Top of COLLECTED MATERIAL
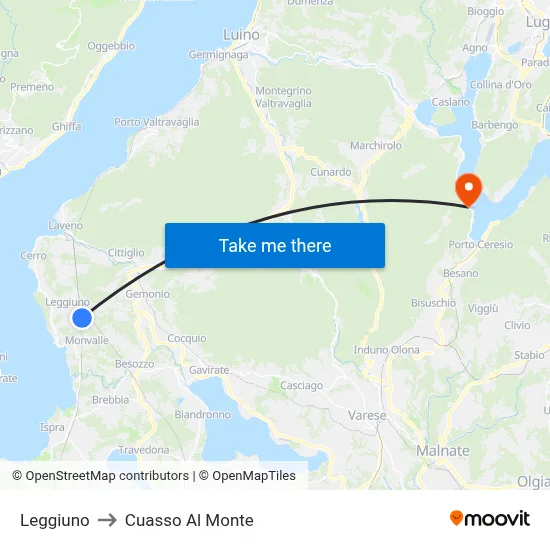 Leggiuno to Cuasso Al Monte map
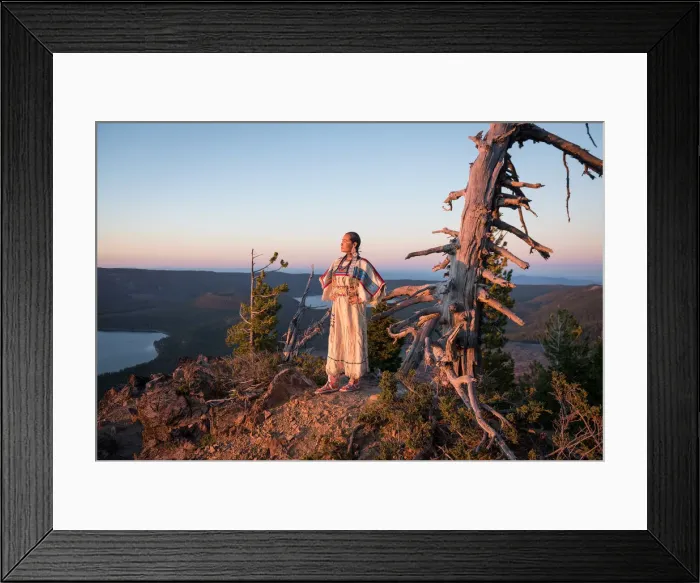 Framed Print : Native woman, Acosia M. Red Elk, in historic buckskin dress on top of Paulina Peak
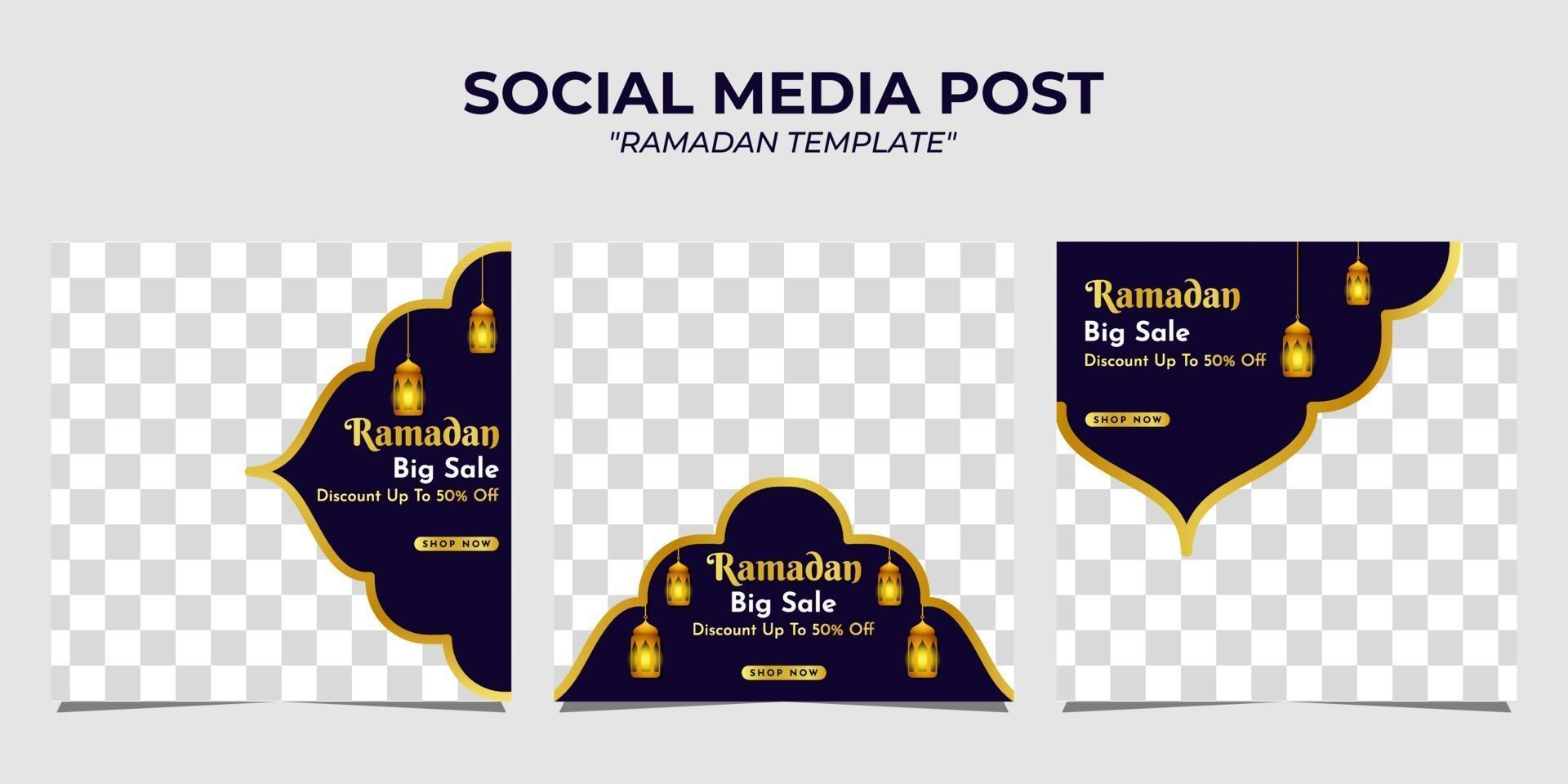 ramadan verkoop sociale media postsjabloon vector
Bottom of COLLECTED MATERIAL
### PROBLEM TO WORK ON
Could you reproduce exactly the lines running from the one with "Framed Print : Native" through the final line of the listing above, both included, and drop the pictures?

### OUTPUT BELOW
 Framed Print : Native woman, Acosia M. Red Elk, in historic buckskin dress on top of Paulina Peak
 ramadan verkoop sociale media postsjabloon vector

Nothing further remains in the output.